AWS Storage Blog

Access data in Amazon S3 Tables using PyIceberg through the AWS Glue Iceberg REST endpoint

Modern data lakes integrate with multiple engines to meet a wide range of analytics needs, from SQL querying to stream processing. A key enabler of this approach is the adoption of Apache Iceberg as the open table format for building transactional data lakes. However, as the Iceberg ecosystem expands, the growing variety of engines and languages has introduced significant integration challenges. Each engine needs its own client to connect to catalogs, which are the components responsible for tracking table metadata and evolution. This fragmented approach forces developers to manage multiple catalog integrations, thereby increasing pipeline complexity. The lack of a standardized solution often leads to data silos, inconsistent features across engines, and slower progress in analytics modernization efforts.

The AWS Glue Iceberg REST endpoint addresses these challenges by providing a standardized interface for interacting with Iceberg tables. Fully aligned with the Iceberg REST Catalog Open API specification, the Glue Iceberg REST endpoint streamlines interoperability. This enables users to interact with Iceberg tables through a single, unified standard set of REST APIs across various engines, languages, and platforms. This, in conjunction with the enhanced performance of Amazon S3 Tables, automated table maintenance, and streamlined security features, provides a strong foundation for users to build and scale data lakes on AWS.

In this post, we demonstrate how to access Iceberg tables stored in S3 Tables using PyIceberg through the Glue Iceberg REST endpoint with AWS Lake Formation managing storage credential vending. PyIceberg is the official Python client of the Iceberg project, which provides a lightweight solution for discovering and querying Iceberg tables with your preferred Python tools. The same data consumption flow can also be applied to other compute engines that support the Iceberg REST catalog specification, providing a consistent and efficient experience across platforms.

Solution overview

Solution overview diagram

This post references an example of a user using a local PyIceberg client to perform some basic data transformations, such as table creation, data ingestion, updates, and time travel. This workflow showcases a common development pattern where developers use local environments to prototype and iterate on data transformation pipelines before deploying them at scale.

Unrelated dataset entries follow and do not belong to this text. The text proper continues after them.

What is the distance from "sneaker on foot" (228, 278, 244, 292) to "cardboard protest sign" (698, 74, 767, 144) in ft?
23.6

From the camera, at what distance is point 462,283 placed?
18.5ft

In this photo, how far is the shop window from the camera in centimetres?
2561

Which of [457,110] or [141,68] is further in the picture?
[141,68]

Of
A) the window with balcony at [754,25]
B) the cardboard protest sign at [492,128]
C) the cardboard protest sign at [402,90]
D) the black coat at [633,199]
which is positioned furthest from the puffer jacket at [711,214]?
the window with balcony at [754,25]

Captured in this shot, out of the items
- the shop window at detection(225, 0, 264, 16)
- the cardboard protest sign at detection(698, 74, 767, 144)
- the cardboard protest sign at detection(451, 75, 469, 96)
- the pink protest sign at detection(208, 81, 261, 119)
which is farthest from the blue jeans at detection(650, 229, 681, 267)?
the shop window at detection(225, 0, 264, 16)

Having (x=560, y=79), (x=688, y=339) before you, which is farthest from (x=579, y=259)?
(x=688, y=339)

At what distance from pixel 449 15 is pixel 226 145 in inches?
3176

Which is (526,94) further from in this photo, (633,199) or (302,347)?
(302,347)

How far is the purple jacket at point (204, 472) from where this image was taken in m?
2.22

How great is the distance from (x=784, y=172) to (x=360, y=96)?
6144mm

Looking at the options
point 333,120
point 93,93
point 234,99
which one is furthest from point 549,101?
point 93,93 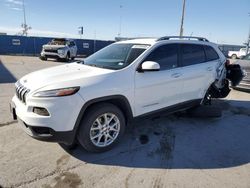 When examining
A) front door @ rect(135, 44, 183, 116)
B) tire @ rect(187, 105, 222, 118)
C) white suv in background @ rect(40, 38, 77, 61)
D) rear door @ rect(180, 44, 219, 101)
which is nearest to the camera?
front door @ rect(135, 44, 183, 116)

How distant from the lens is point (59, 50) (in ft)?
53.4

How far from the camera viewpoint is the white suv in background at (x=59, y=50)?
16.4 metres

We begin by creating a table bucket to store Iceberg tables. Then, we configure the PyIceberg client to interact with the Iceberg table through the AWS Glue Iceberg REST endpoint. All permissions are centrally managed using Lake Formation.

Prerequisites

To follow along, you need the following setup:

1. You need access to an AWS Identity and Access Management (IAM) role that is a Lake Formation data lake administrator in the Data Catalog account. For instructions, go to Create a data lake administrator.

2. Verify that you have Python version 3.7 or later installed. Check if pip3 version is 22.2.2 or higher is installed.

3. Install or update to the latest AWS Command Line Interface (AWS CLI). For instructions, see Installing or updating the latest version of the AWS CLI. Run the AWS configure command using the AWS CLI to point to your AWS account.

Walkthrough

The following steps walk you through this solution.

Step 1: Create a table bucket and enable Glue Data Catalog integration for S3 Tables:

1.1. Log in to the Amazon S3 console using Admin role and choose Table Buckets from the navigation panel, as shown in the following figure.

Table buckets

1.2. Choose Enable integration. When the integration is successfully integrated, you should see it enabled for your table buckets, as shown in the following figure.

Integration with AWS analytics services

1.3. From the left pane of Amazon S3, choose Table buckets. Choose Create table bucket.

1.4. Under Properties, enter the Table bucket name as pyiceberg-blog-bucket and choose Create table bucket.

Step 2: Create IAM role for the local PyIceberg environment

You need to create an IAM role for the PyIceberg script to access Glue and Lake Formation APIs. To do this you create the following policy and role:

2.1. Create the policy and name it irc-glue-lf-policy. Here are some steps to do it through the AWS Management Console:

a. Sign in to the console.

b. Open the IAM console.

c. In the navigation pane of the console, choose Policies and choose the Create Policy option.

d. In the policy editor choose JSON and paste the following policies.

i. Replace <region>, <account-id>, <s3_table_bucket_name>, and <database_name> in the following policy as per your AWS Region, AWS account ID, S3 table bucket name, and database name respectively. We use myblognamespace as the database name in the rest of this post.

{
    "Version": "2012-10-17",
    "Statement": [
        {
            "Sid": "VisualEditor0",
            "Effect": "Allow",
            "Action": [
                "glue:GetCatalog",
                "glue:GetDatabase",
                "glue:GetDatabases",
                "glue:GetTable",
                "glue:GetTables",
                "glue:CreateTable",
                "glue:UpdateTable"
            ],
            "Resource": [
                "arn:aws:glue:<region>:<account-id>:catalog",
                "arn:aws:glue:<region>:<account-id>:catalog/s3tablescatalog",
                "arn:aws:glue:<region>:<account-id>:catalog/s3tablescatalog/<s3_table_bucket_name>",
                "arn:aws:glue:<region>:<account-id>:table/s3tablescatalog/<s3_table_bucket_name>/<database_name>/*",
                "arn:aws:glue:<region>:<account-id>:database/s3tablescatalog/<s3_table_bucket_name>/<database_name>"
            ]
        },
        {
            "Effect": "Allow",
            "Action": [
                "lakeformation:GetDataAccess"
            ],
            "Resource": "*"
        }
    ]
}
JSON

2.2. Create a role named pyiceberg-etl-role by following these steps in the IAM console.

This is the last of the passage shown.